• **TASK DIRECTIONS**
All of the data below should be printed again exactly, pictures excluded.

• **GIVEN MATERIAL**
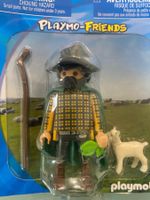Playmobil 70973 Schafhirte mit Schaf Neu OVP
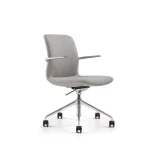 Ghế Giám Đốc Da Phòng Họp Cao Cấp Mychair FK015B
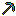 Texture for diamond picaxe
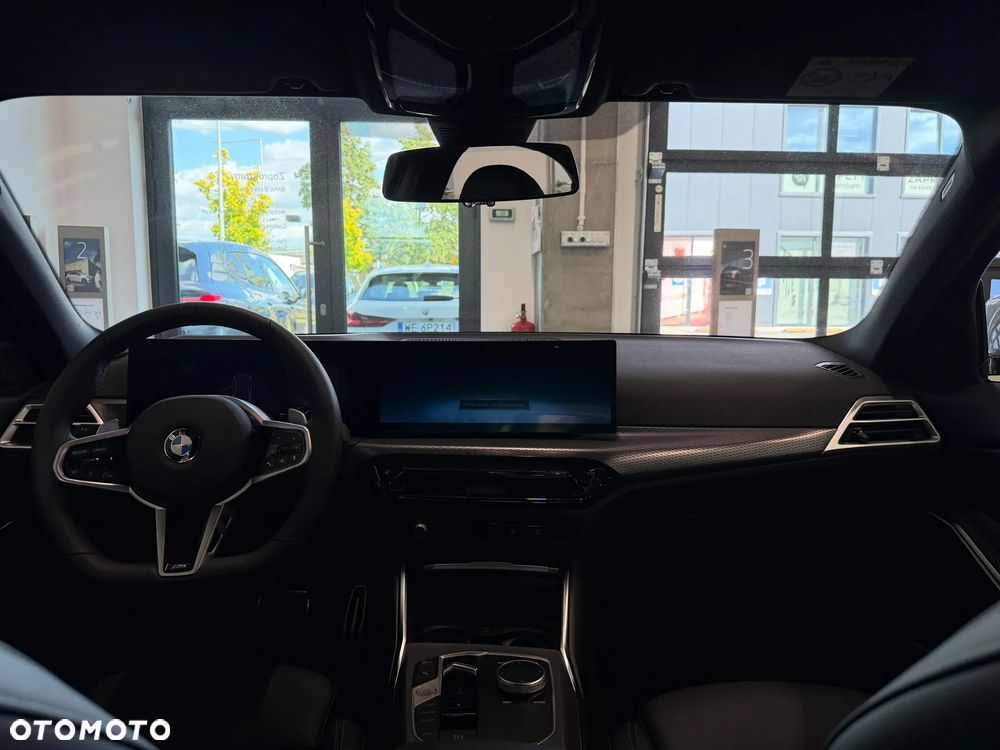 BMW Seria 3 - 13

• **OUTPUT FOR THIS EXERCISE**
Playmobil 70973 Schafhirte mit Schaf Neu OVP
 Ghế Giám Đốc Da Phòng Họp Cao Cấp Mychair FK015B
 Texture for diamond picaxe
 BMW Seria 3 - 13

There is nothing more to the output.